There’s nothing revelatory in noting that the tools one uses to make music directly impact the resultant musical output. Like the simplest concept of gesture, whereby physiology, routine, muscle memory, and ease of playing all conspire together to give music composed on and performed by a specific instrument lend to the larger idea of “idiomatic”, that vernacular voice which acts as a fuzzy boundary around which all new ideas and push and pull, the various purposeful strengths and weaknesses of various software invariably lend their stamp on influencing the type of work an electronic composer finds themselves creating.
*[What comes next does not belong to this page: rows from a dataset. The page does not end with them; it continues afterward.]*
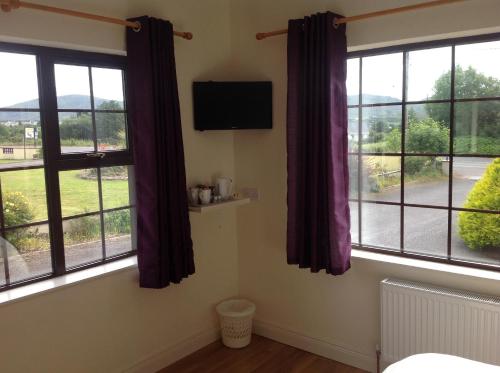 Фотография мини отеля Auntie B's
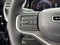 2024 Jeep Wagoneer Series III 4x4
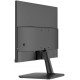 Монитор Hisense 24N3Q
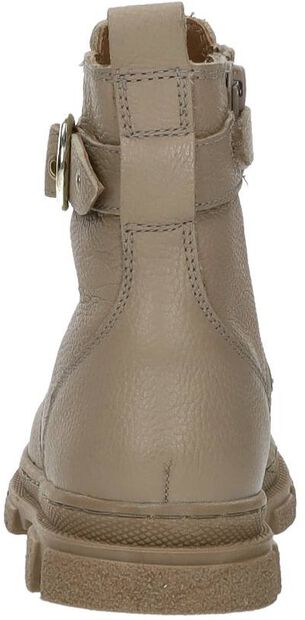 Enkellaarsjes - large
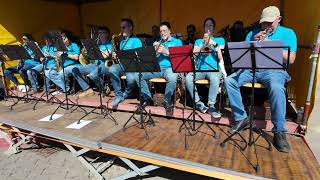 Musek Keespeltmeespelt  Op Der Emaischen Zu Nouspelt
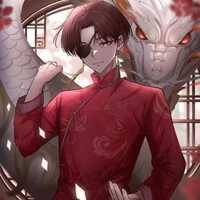 suo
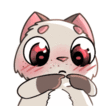 shy-kawaii.gif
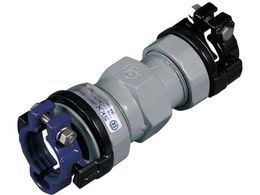 SKJjV |ǁ~rǗpَǌp SKX\Pbg 16~V13 SKX-S-16XV13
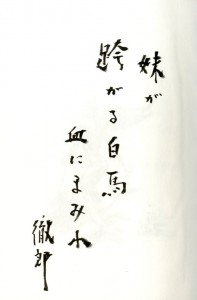 img688 img688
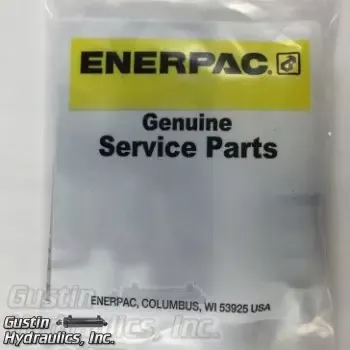 Enerpac-GT4SK-Gt4 Tensioner Seal Kit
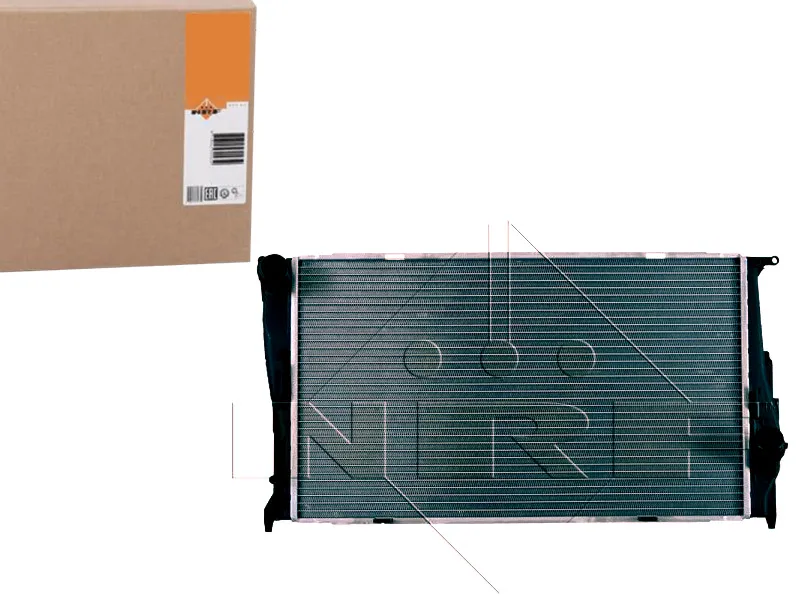 chlodnica-bmw-1-3-e81-e90-04-nrf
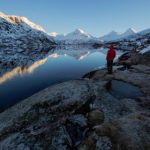 今日生活kanliao:探索现代生活中的便利与乐趣 398ib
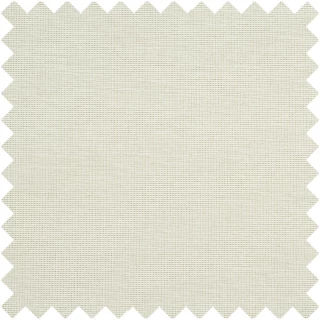 Hessian Fabric 3769/142 by Prestigious Textiles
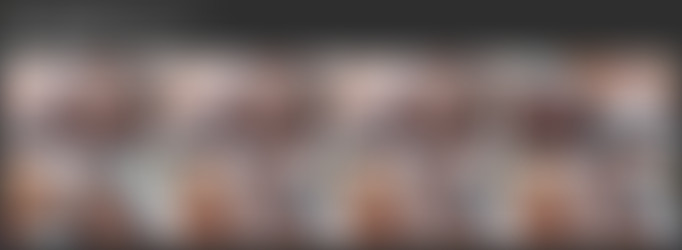 [OnlyFans.com] Kiera Jaston (@kierajaston)/_screens/19-11-28 9465996 you missed a spot 1920x1080.mp4.jpg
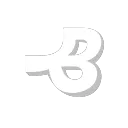 Byte's Software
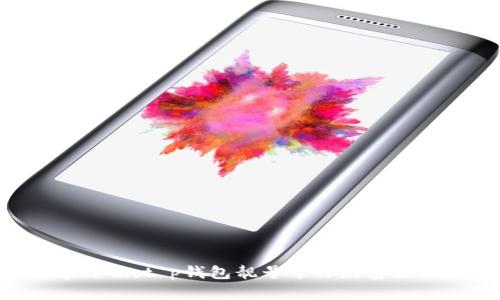 用数字开锁，t p钱包靓号带你财富自由之旅！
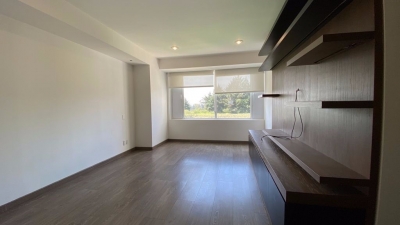 excelente departamento en venta, scala  santa fe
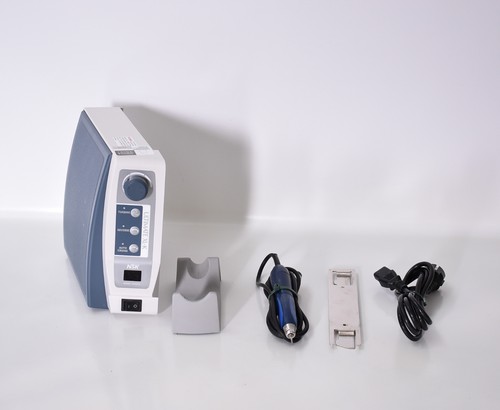 Nsk ultimate knianlasser - ultimate,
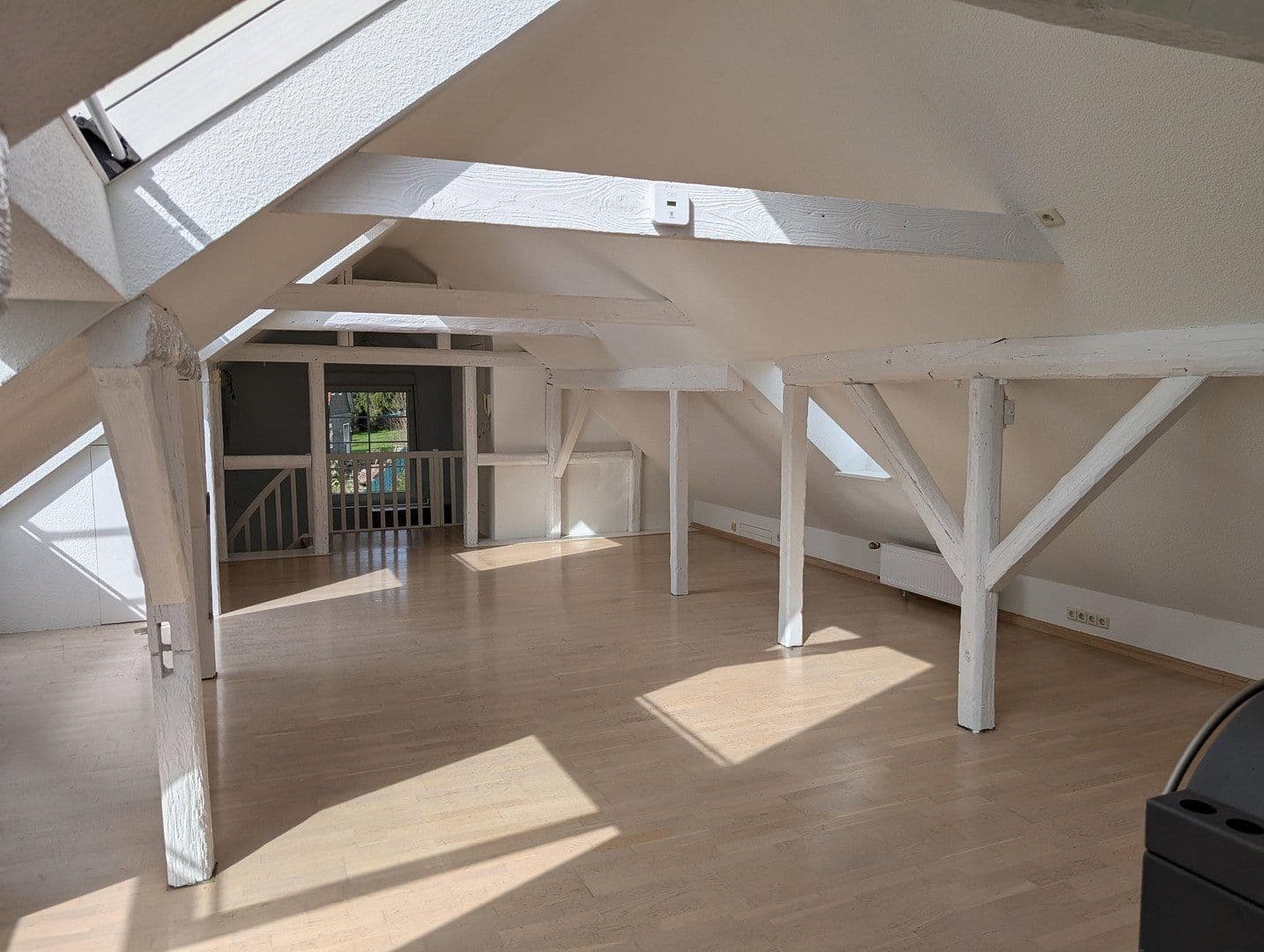 2 bedroom flat to rent, 120 m², Wuppertal, North Rhine-Westphalia 2 bedroom flat to rent, 120 m², Wuppertal, North Rhine-Westphalia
That’s all just a fancy way of saying that thanks to getting cozy with a piece of software named ACID once I began exploring the world of computer music, the sounds that found themselves coming from my headphones had taken on a far more loop-based, rhythmic, dare I say hiphop-ic character than anything prior. Partially out of laziness, partially out of fun, and eventually (embarrassingly so) out of the pursuit of profitable gain, music that was veering dangerously into dance (or worse yet, MC backing track) was defining the entire output of my time. At one point while romancing the vague possibility of having my electronic music picked up by a very reputable label (a fantasy that sadly fizzled just as it was seeming most promising) I cobbled together an assemblage of works-in-progress, all of which happened to have been rendered in that particular piece of software:
There’s no shortage of unfinished projects in my collection that were started in ACID, but listening to that compilation now, albeit 8 years since its creation, the limitations of the medium scream louder than all the work that had gone into it. The sheer layeredness of it all. The locked-in feel. And, while I know this is going to sound redundant as it’s the core mission of ACID’s compositional toolkit, the absolute, unbending loopiness.
The search is on, then, to line up the right tools for the right job, as the work I’m currently embarking on leans so heavily on the organic, the unpredictable, and the unrepetitive, it’s obvious that despite all best intentions, I have to be careful about the gesture, take heed of the subtle ways in which intention is being bent by the whim of the tool itself – yet do it without resorting back to the days of writing obscure performance instructions on a piece of paper, handing it to a stranger with an instrument, and letting fate work out the rest.